Exercise description - Retype the data that follows line by line, exactly, and leave its pictures out.

Source data -
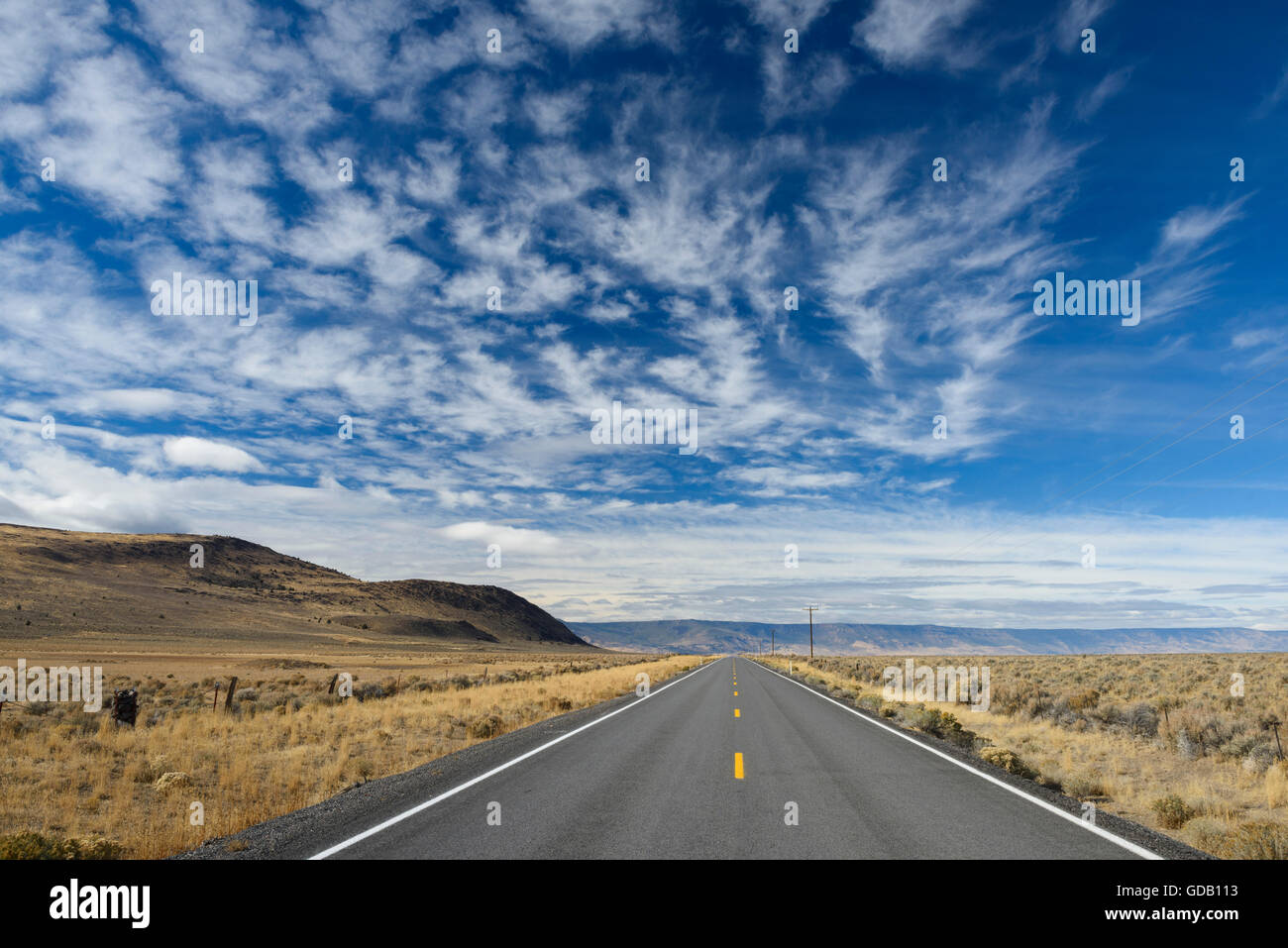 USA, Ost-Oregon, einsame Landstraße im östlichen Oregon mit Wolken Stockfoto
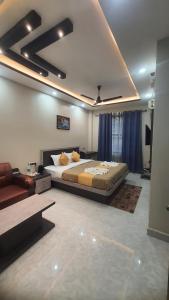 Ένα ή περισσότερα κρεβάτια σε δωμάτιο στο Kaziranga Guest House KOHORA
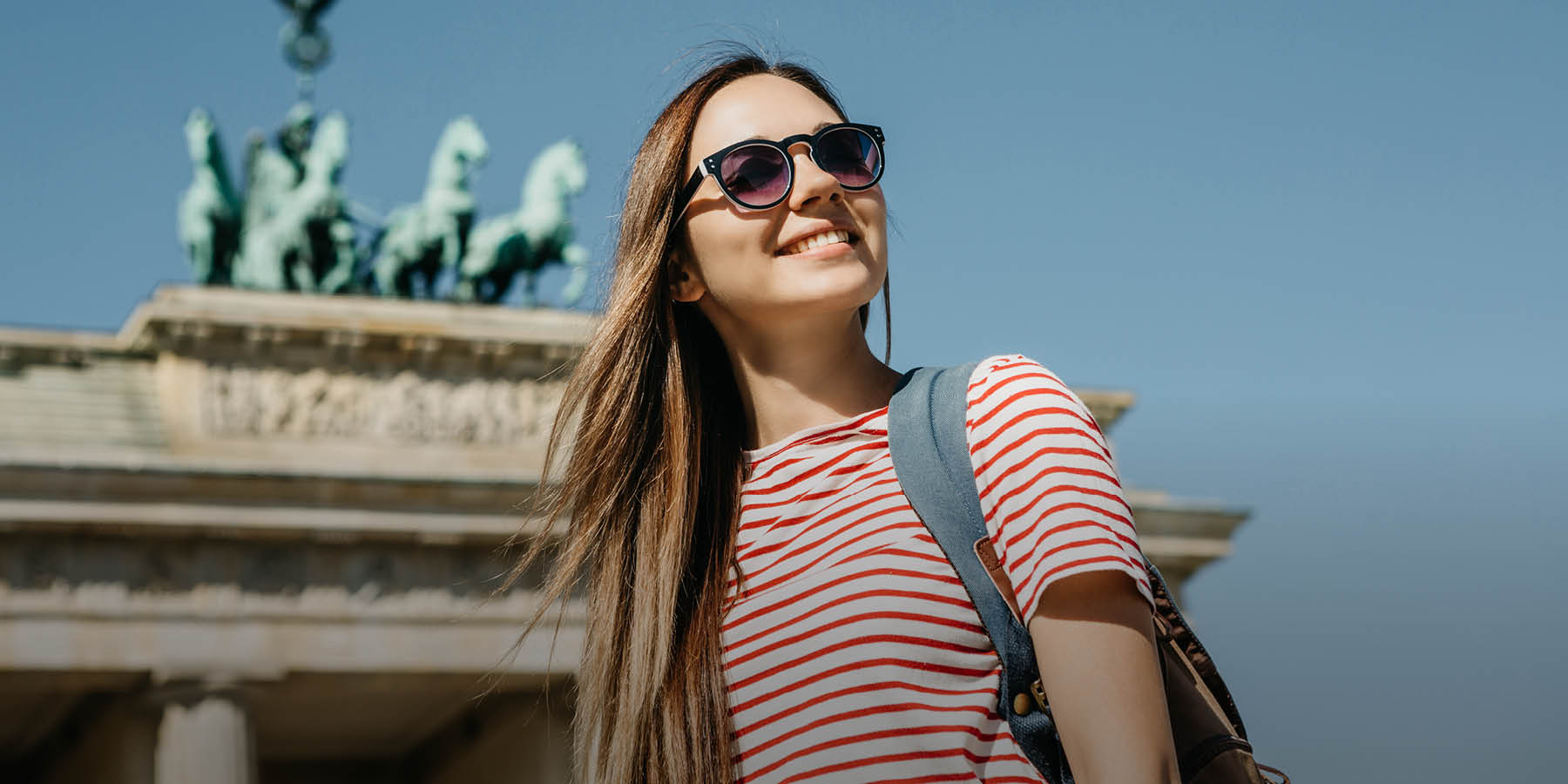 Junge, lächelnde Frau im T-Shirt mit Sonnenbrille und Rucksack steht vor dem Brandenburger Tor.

Written solution -
 USA, Ost-Oregon, einsame Landstraße im östlichen Oregon mit Wolken Stockfoto
 Ένα ή περισσότερα κρεβάτια σε δωμάτιο στο Kaziranga Guest House KOHORA
 Junge, lächelnde Frau im T-Shirt mit Sonnenbrille und Rucksack steht vor dem Brandenburger Tor.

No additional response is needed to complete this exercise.